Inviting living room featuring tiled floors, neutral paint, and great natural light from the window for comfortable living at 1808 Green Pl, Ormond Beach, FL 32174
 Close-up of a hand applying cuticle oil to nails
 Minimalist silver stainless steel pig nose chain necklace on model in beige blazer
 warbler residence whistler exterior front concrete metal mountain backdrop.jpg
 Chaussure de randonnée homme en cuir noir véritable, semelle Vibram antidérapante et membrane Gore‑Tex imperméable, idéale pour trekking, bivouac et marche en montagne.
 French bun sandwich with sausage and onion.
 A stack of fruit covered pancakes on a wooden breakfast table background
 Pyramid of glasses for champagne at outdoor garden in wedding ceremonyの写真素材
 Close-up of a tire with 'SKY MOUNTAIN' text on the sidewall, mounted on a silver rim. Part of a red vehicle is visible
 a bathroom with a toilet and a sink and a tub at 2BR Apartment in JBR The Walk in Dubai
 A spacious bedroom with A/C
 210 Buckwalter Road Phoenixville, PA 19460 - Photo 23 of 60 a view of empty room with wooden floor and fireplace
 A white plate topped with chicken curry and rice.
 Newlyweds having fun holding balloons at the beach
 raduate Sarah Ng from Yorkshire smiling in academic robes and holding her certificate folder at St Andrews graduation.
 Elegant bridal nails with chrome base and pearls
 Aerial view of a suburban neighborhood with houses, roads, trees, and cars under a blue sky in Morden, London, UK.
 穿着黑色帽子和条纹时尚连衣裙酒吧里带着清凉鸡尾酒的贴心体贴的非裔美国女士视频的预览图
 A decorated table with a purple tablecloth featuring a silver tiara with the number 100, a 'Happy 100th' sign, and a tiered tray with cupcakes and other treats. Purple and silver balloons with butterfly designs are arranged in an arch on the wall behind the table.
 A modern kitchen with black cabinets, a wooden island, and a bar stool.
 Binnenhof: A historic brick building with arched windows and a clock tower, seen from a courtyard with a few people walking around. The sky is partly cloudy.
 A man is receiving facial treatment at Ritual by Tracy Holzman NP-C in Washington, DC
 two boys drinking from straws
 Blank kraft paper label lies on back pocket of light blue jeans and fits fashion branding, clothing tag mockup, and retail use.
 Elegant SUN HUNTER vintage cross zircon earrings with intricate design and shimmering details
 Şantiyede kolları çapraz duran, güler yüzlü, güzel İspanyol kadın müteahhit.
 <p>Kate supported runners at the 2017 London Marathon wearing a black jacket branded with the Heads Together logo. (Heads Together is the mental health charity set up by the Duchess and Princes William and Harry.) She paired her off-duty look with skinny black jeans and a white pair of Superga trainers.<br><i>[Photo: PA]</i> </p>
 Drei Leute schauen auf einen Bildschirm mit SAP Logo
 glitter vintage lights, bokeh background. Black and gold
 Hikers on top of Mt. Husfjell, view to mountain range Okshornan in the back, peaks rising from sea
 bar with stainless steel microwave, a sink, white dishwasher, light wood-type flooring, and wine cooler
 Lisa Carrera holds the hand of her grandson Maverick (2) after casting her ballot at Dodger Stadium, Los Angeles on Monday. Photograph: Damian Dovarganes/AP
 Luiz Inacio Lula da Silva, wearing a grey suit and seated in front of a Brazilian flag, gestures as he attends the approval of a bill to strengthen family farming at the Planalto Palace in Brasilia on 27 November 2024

────────────────────────────────────────

Problem to solve: Give back the listing above exactly as written.

Response for this exercise:
Inviting living room featuring tiled floors, neutral paint, and great natural light from the window for comfortable living at 1808 Green Pl, Ormond Beach, FL 32174
 Close-up of a hand applying cuticle oil to nails
 Minimalist silver stainless steel pig nose chain necklace on model in beige blazer
 warbler residence whistler exterior front concrete metal mountain backdrop.jpg
 Chaussure de randonnée homme en cuir noir véritable, semelle Vibram antidérapante et membrane Gore‑Tex imperméable, idéale pour trekking, bivouac et marche en montagne.
 French bun sandwich with sausage and onion.
 A stack of fruit covered pancakes on a wooden breakfast table background
 Pyramid of glasses for champagne at outdoor garden in wedding ceremonyの写真素材
 Close-up of a tire with 'SKY MOUNTAIN' text on the sidewall, mounted on a silver rim. Part of a red vehicle is visible
 a bathroom with a toilet and a sink and a tub at 2BR Apartment in JBR The Walk in Dubai
 A spacious bedroom with A/C
 210 Buckwalter Road Phoenixville, PA 19460 - Photo 23 of 60 a view of empty room with wooden floor and fireplace
 A white plate topped with chicken curry and rice.
 Newlyweds having fun holding balloons at the beach
 raduate Sarah Ng from Yorkshire smiling in academic robes and holding her certificate folder at St Andrews graduation.
 Elegant bridal nails with chrome base and pearls
 Aerial view of a suburban neighborhood with houses, roads, trees, and cars under a blue sky in Morden, London, UK.
 穿着黑色帽子和条纹时尚连衣裙酒吧里带着清凉鸡尾酒的贴心体贴的非裔美国女士视频的预览图
 A decorated table with a purple tablecloth featuring a silver tiara with the number 100, a 'Happy 100th' sign, and a tiered tray with cupcakes and other treats. Purple and silver balloons with butterfly designs are arranged in an arch on the wall behind the table.
 A modern kitchen with black cabinets, a wooden island, and a bar stool.
 Binnenhof: A historic brick building with arched windows and a clock tower, seen from a courtyard with a few people walking around. The sky is partly cloudy.
 A man is receiving facial treatment at Ritual by Tracy Holzman NP-C in Washington, DC
 two boys drinking from straws
 Blank kraft paper label lies on back pocket of light blue jeans and fits fashion branding, clothing tag mockup, and retail use.
 Elegant SUN HUNTER vintage cross zircon earrings with intricate design and shimmering details
 Şantiyede kolları çapraz duran, güler yüzlü, güzel İspanyol kadın müteahhit.
 <p>Kate supported runners at the 2017 London Marathon wearing a black jacket branded with the Heads Together logo. (Heads Together is the mental health charity set up by the Duchess and Princes William and Harry.) She paired her off-duty look with skinny black jeans and a white pair of Superga trainers.<br><i>[Photo: PA]</i> </p>
 Drei Leute schauen auf einen Bildschirm mit SAP Logo
 glitter vintage lights, bokeh background. Black and gold
 Hikers on top of Mt. Husfjell, view to mountain range Okshornan in the back, peaks rising from sea
 bar with stainless steel microwave, a sink, white dishwasher, light wood-type flooring, and wine cooler
 Lisa Carrera holds the hand of her grandson Maverick (2) after casting her ballot at Dodger Stadium, Los Angeles on Monday. Photograph: Damian Dovarganes/AP
 Luiz Inacio Lula da Silva, wearing a grey suit and seated in front of a Brazilian flag, gestures as he attends the approval of a bill to strengthen family farming at the Planalto Palace in Brasilia on 27 November 2024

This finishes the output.